📚 L11: File System Implementations

Lecture Goal

Understand how file systems are implemented at the disk level, including block allocation schemes, free space management, and directory structures.

The Big Picture

A file system bridges the logical view (files and folders) with the physical reality (disk blocks). The key challenge is mapping files to disk blocks efficiently — balancing speed, space utilization, and flexibility. Different allocation schemes (contiguous, linked, FAT, indexed) make different trade-offs, and understanding these is essential for systems programming.

1. Disk Organization

🤔 The Layered View

A disk is viewed differently at each layer:

flowchart TB
    subgraph User["User View"]
        U["Files & Folders"]
    end

    subgraph OS["OS (File System) View"]
        F["Flat array of logical blocks"]
    end

    subgraph HW["Hardware View"]
        H["Physical sectors on tracks/platters"]
    end

    User -->|"abstraction"| OS
    OS -->|"mapping"| HW

    style User fill:#e1f5fe
    style OS fill:#c8e6c9
    style HW fill:#fff3e0

The disk is organized as a 1-D array of logical blocks, where the block is the smallest accessible unit (typically 512 bytes to 4 KB).

📀 Disk Layout

flowchart LR
    subgraph Disk["Physical Disk"]
        MBR["MBR<br/>(sector 0)"]
        P1["Partition 1"]
        P2["Partition 2"]
        PN["Partition N"]
    end

    MBR --> P1
    P1 --> P2
    P2 --> PN

    style MBR fill:#ff9999
    style P1 fill:#c8e6c9
    style P2 fill:#c8e6c9
    style PN fill:#c8e6c9

Each partition contains:

flowchart LR
    subgraph Partition["Partition Contents"]
        Boot["OS Boot Block"]
        Details["Partition Details"]
        Dir["Directory Structure"]
        Info["Files Info"]
        Data["File Data"]
    end

    style Boot fill:#fff9c4
    style Details fill:#e1f5fe
    style Dir fill:#e8f5e9
    style Info fill:#e8f5e9
    style Data fill:#e3f2fd

Region	Purpose
MBR (sector 0)	Master Boot Record; partition table + boot code
OS Boot Block	Instructions to boot the OS on this partition
Partition Details	Total blocks, number/location of free blocks
Directory Structure	Maps file names to their information
Files Info	Metadata and block locations for each file
File Data	The actual file contents

📚 Key Terminology

Term	Definition
Logical Block	OS abstraction; smallest addressable unit in the FS
Physical Sector	Hardware-level storage unit on disk
MBR	Master Boot Record; first sector with partition table
Partition	Logical subdivision of a disk with its own FS

⚠️ Common Pitfalls

Pitfall 1: Confusing logical blocks with physical sectors

Logical blocks are an OS abstraction; physical sectors are hardware reality. The mapping between them is hardware-dependent.

Pitfall 2: MBR is global

The MBR is global to the disk, while each partition has its own independent file system.

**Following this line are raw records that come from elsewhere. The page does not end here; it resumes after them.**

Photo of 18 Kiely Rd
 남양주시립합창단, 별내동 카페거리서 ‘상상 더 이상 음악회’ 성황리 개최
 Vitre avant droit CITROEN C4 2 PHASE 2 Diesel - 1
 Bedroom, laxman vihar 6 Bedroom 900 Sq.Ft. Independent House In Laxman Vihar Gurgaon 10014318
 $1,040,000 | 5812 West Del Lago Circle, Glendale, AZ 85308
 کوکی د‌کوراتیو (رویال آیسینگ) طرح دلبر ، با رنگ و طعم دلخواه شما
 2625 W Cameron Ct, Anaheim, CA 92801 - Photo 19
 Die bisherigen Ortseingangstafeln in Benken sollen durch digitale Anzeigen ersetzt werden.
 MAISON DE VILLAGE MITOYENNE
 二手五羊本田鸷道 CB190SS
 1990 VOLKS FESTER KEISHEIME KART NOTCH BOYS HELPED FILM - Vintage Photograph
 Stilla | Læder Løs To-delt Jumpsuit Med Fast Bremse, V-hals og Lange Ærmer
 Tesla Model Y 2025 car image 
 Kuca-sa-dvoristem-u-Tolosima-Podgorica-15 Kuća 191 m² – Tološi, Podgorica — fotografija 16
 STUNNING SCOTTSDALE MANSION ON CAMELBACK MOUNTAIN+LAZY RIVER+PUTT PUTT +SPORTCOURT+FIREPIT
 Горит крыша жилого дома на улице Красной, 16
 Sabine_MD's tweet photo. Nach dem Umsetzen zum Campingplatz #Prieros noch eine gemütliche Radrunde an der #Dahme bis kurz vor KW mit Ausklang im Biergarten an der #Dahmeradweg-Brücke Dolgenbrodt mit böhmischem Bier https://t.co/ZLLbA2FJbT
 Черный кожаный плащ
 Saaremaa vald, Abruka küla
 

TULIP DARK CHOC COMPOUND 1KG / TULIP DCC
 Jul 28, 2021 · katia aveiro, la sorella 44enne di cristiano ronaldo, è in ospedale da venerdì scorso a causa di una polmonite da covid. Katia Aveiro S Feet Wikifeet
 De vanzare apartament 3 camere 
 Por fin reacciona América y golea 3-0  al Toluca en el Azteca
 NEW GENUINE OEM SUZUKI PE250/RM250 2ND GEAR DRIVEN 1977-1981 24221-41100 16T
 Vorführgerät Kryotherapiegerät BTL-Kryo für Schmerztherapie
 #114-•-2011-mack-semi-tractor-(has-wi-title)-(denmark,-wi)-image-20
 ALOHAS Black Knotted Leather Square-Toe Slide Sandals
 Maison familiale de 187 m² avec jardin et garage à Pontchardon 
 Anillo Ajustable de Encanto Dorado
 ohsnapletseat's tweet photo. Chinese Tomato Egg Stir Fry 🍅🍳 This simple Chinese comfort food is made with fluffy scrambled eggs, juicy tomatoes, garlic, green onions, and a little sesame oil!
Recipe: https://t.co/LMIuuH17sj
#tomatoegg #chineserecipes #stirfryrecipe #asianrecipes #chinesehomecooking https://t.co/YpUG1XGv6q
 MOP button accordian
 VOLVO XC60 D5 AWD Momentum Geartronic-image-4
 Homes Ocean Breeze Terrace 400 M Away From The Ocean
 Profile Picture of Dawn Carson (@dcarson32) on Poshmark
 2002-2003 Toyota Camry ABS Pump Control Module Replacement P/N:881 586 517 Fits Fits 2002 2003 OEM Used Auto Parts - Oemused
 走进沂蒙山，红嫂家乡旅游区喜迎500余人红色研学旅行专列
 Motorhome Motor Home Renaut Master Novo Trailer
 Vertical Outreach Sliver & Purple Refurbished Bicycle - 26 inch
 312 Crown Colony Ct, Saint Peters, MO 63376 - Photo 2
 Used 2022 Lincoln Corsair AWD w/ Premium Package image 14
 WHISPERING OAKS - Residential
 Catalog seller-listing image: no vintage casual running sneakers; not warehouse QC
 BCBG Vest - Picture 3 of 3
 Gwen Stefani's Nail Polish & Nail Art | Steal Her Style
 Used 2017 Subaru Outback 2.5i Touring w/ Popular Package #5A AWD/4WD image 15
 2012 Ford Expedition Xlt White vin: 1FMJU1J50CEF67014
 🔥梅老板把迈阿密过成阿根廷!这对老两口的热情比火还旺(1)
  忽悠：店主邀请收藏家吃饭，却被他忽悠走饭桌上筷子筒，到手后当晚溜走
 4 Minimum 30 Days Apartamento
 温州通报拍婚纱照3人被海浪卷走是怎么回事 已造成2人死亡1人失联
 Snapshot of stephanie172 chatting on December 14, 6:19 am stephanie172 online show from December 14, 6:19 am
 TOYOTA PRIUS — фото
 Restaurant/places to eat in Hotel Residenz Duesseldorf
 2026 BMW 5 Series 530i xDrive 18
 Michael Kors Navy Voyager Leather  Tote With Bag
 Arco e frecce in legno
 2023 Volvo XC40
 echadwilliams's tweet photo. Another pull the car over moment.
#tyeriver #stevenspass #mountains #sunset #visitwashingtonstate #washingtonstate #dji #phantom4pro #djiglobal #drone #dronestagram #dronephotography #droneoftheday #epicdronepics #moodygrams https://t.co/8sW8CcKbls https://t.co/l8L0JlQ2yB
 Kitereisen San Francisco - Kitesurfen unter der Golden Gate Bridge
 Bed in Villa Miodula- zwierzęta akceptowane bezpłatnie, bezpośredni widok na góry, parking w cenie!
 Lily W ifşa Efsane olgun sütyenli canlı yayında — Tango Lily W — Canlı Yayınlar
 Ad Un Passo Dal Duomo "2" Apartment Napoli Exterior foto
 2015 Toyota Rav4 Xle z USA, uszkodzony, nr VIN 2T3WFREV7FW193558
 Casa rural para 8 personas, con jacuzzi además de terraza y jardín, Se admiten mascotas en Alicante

Pitfall 3: Internal fragmentation

The last block of a file may be partially filled, wasting space (internal fragmentation).

❓ Mock Exam Questions

Q1: Logical vs Physical

What is the difference between a logical block and a disk sector?

Answer

Answer: Logical blocks are OS abstractions; disk sectors are hardware units

A logical block is how the OS views storage (e.g., 4 KB blocks). A disk sector is the physical hardware unit (e.g., 512 bytes). Multiple sectors may map to one logical block.

Q2: Partition Contents

What information is stored in the Partition Details region?

Answer

Answer: Total blocks, number and location of free blocks

Partition Details contains metadata about the partition itself, not file contents.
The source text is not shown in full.